__Exercise aim__. Each entry below should be printed exactly, with every image left out.

__Supplied entries__.
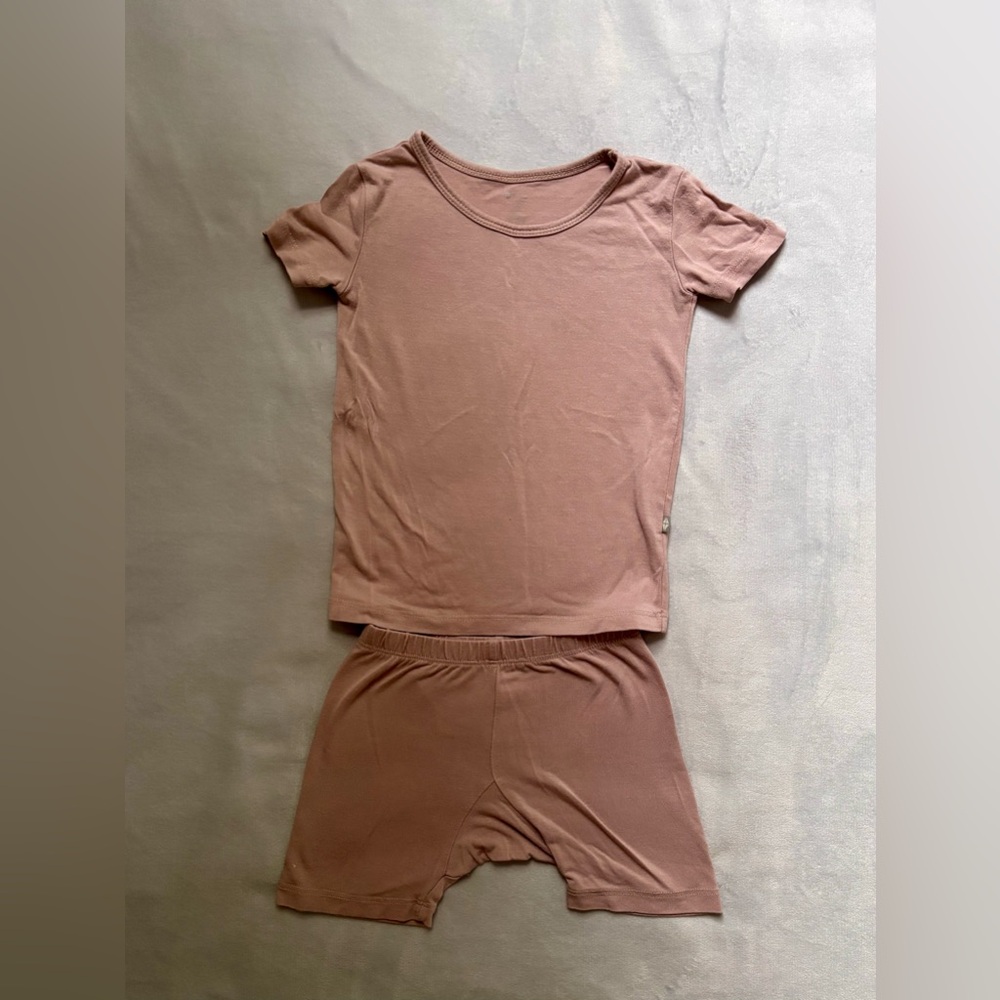 Kyte Baby Short Sleeve Pajamas in Sunset 2T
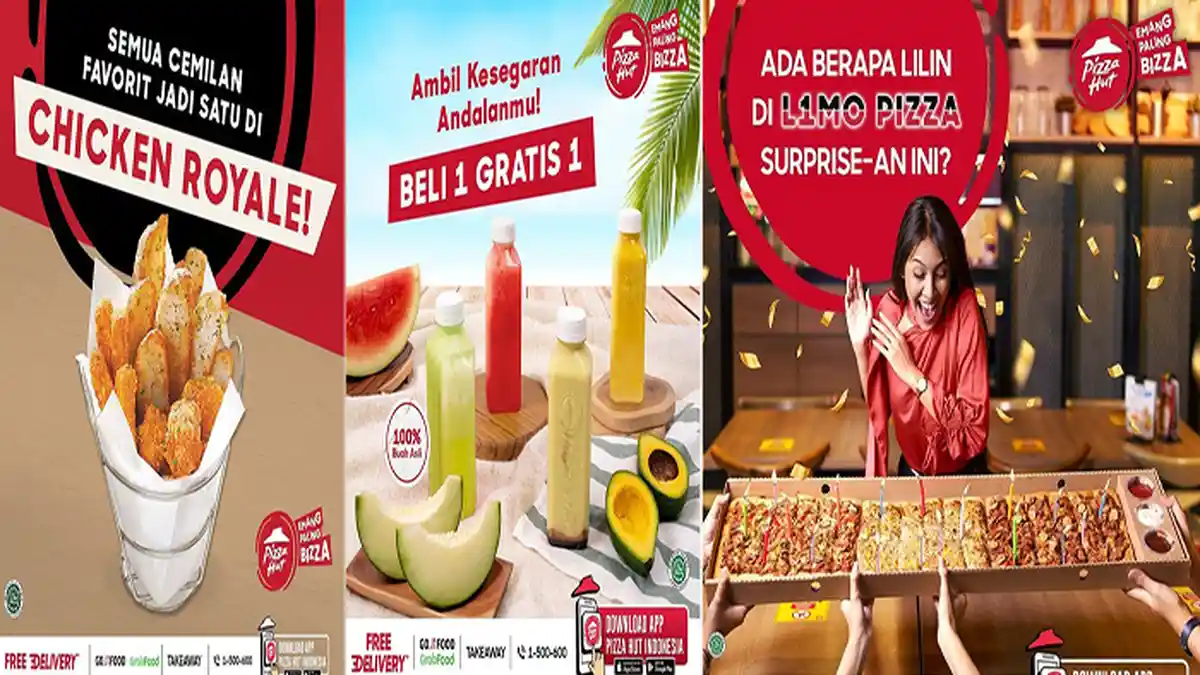 PROMO Pizza Hut Hari Ini 23 Juni 2021, Ada Chicken Royale Limo Pizza Hut & Cheesy Galore Pizza Hut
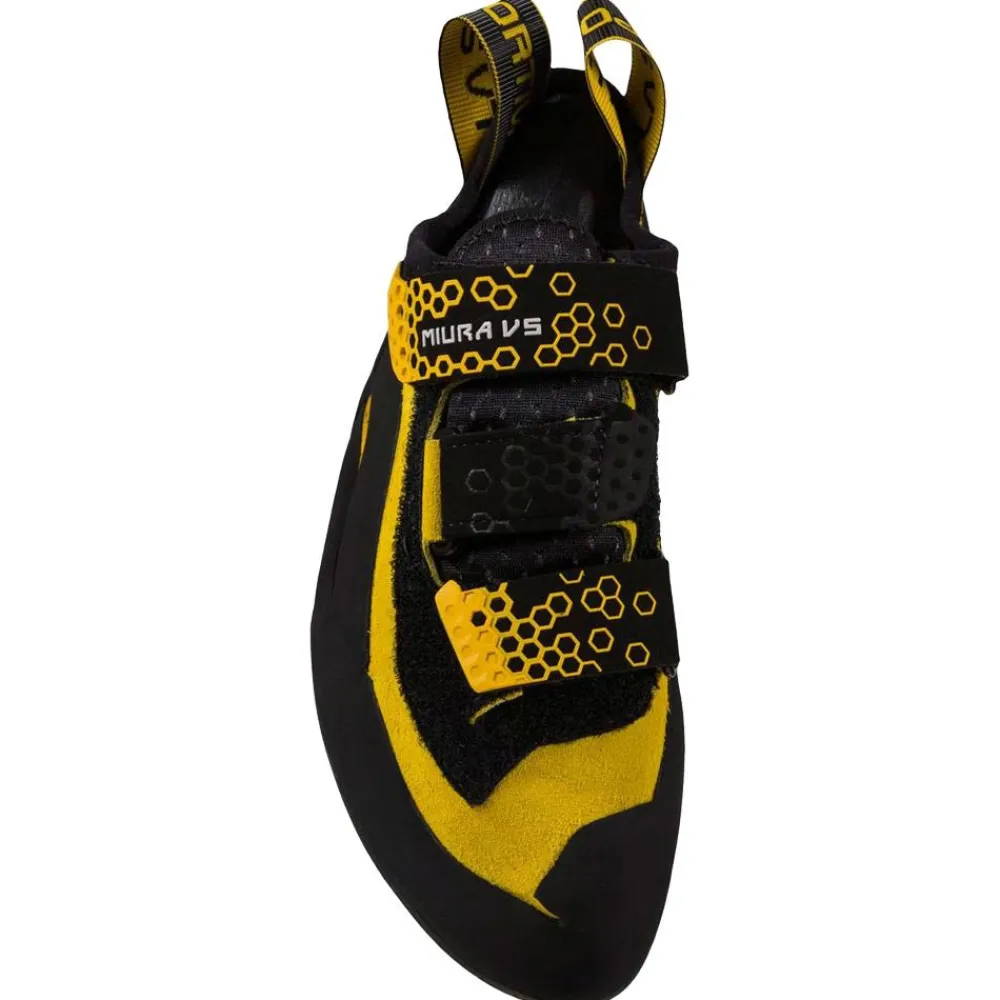 Chaussons Escalade<La Sportiva Chaussons d'escalade Miura Vs Yellow Black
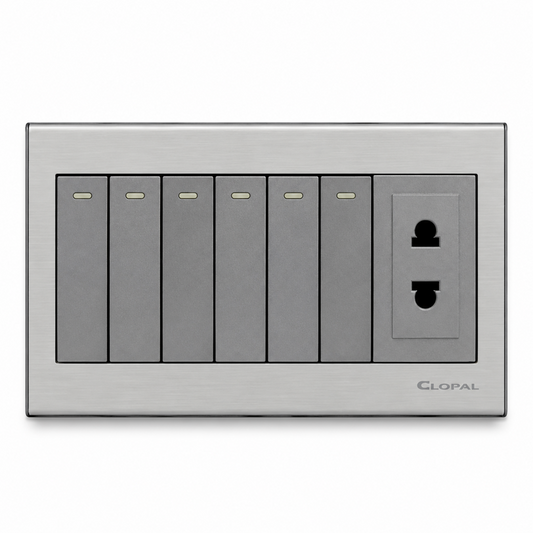 Clopal Elegant Grey Series 6 + 1 Superior Quality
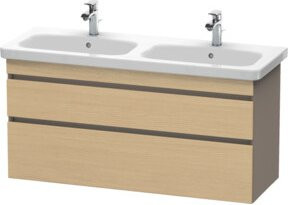 Duravit Waschtischunterschrank DuraStyle, Farbe Eiweiß Natur / Beige Matt, B/T/H: 123 x 44,8 x 61 cm - Bild 1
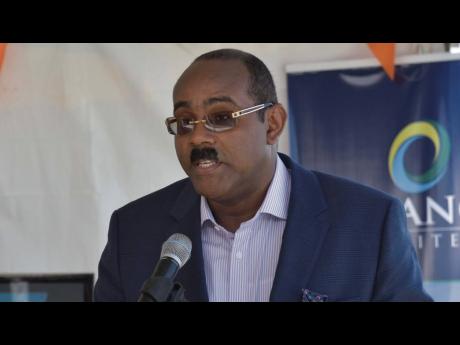 Gaston Browne, Antigua and Barbuda prime minister.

__Response__.
 Kyte Baby Short Sleeve Pajamas in Sunset 2T
 PROMO Pizza Hut Hari Ini 23 Juni 2021, Ada Chicken Royale Limo Pizza Hut & Cheesy Galore Pizza Hut
 Chaussons Escalade<La Sportiva Chaussons d'escalade Miura Vs Yellow Black
 Clopal Elegant Grey Series 6 + 1 Superior Quality
 Duravit Waschtischunterschrank DuraStyle, Farbe Eiweiß Natur / Beige Matt, B/T/H: 123 x 44,8 x 61 cm - Bild 1
 Gaston Browne, Antigua and Barbuda prime minister.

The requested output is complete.